## Listed entries:
+++
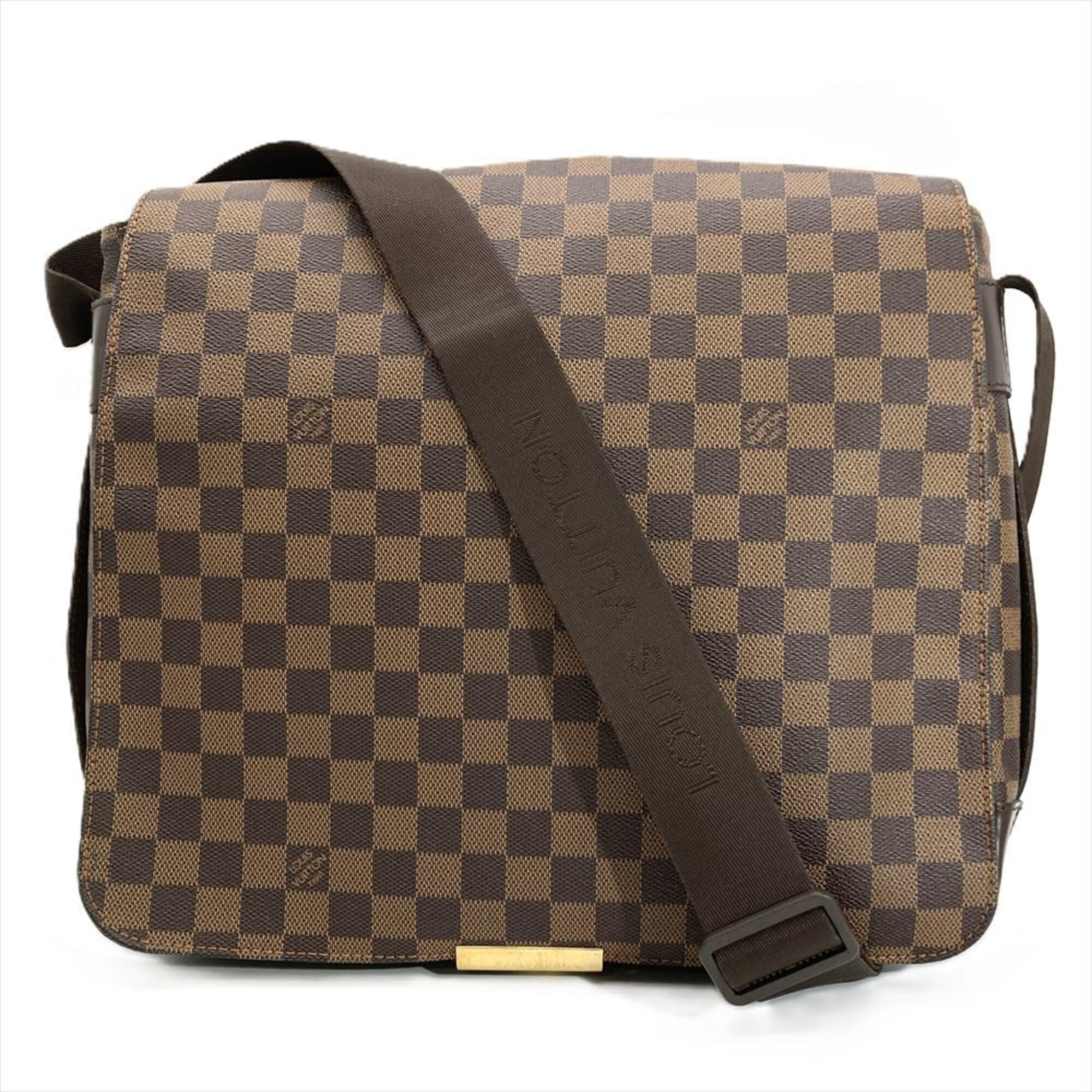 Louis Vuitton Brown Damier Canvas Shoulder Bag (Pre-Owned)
+++
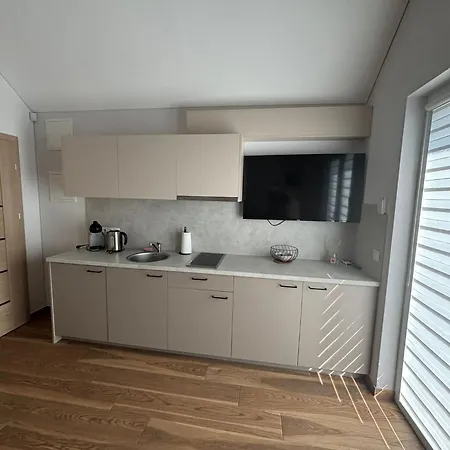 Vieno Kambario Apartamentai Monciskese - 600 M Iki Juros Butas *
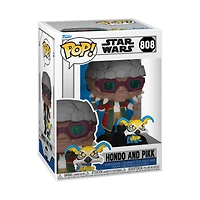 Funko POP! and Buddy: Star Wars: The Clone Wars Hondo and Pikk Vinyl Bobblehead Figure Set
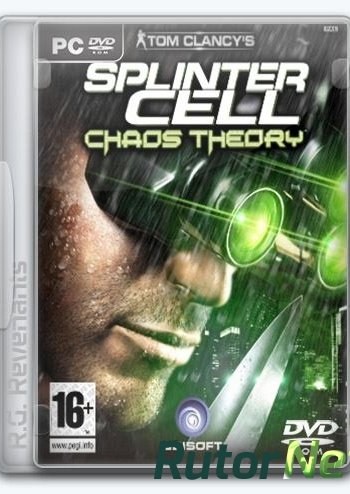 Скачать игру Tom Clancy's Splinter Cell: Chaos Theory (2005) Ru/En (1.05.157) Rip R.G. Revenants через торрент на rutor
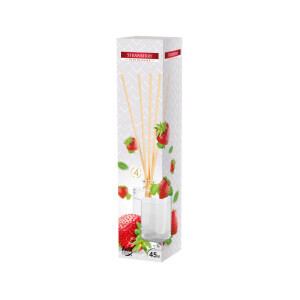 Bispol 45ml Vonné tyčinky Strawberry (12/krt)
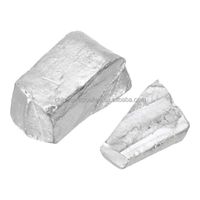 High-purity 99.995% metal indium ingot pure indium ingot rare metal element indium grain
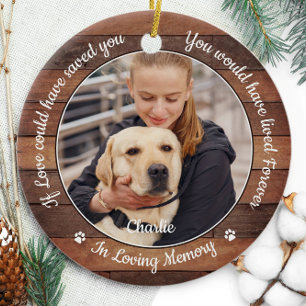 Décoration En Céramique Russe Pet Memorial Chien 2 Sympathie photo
+++
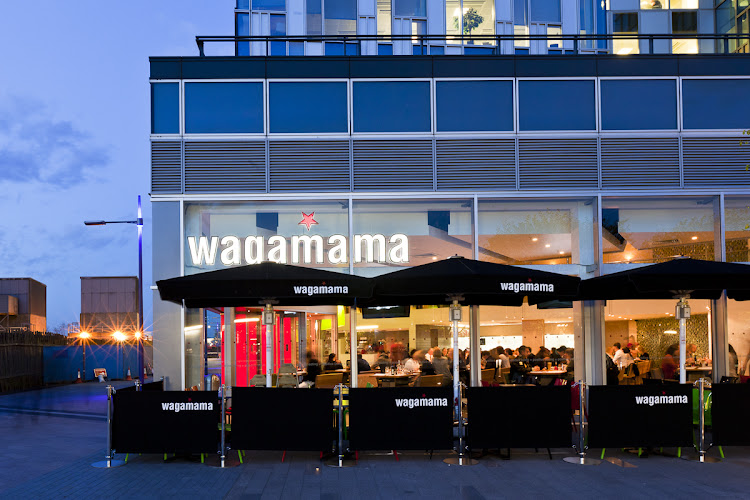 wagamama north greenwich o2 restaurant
+++
## Aim of the exercise:
Find the line with "Vieno Kambario Apartamentai" in the data above, and from there retype each line exactly through the line with "Décoration En Céramique", skipping the pictures along the way.

## Exercise answer:
 Vieno Kambario Apartamentai Monciskese - 600 M Iki Juros Butas *
 Funko POP! and Buddy: Star Wars: The Clone Wars Hondo and Pikk Vinyl Bobblehead Figure Set
 Скачать игру Tom Clancy's Splinter Cell: Chaos Theory (2005) Ru/En (1.05.157) Rip R.G. Revenants через торрент на rutor
 Bispol 45ml Vonné tyčinky Strawberry (12/krt)
 High-purity 99.995% metal indium ingot pure indium ingot rare metal element indium grain
 Décoration En Céramique Russe Pet Memorial Chien 2 Sympathie photo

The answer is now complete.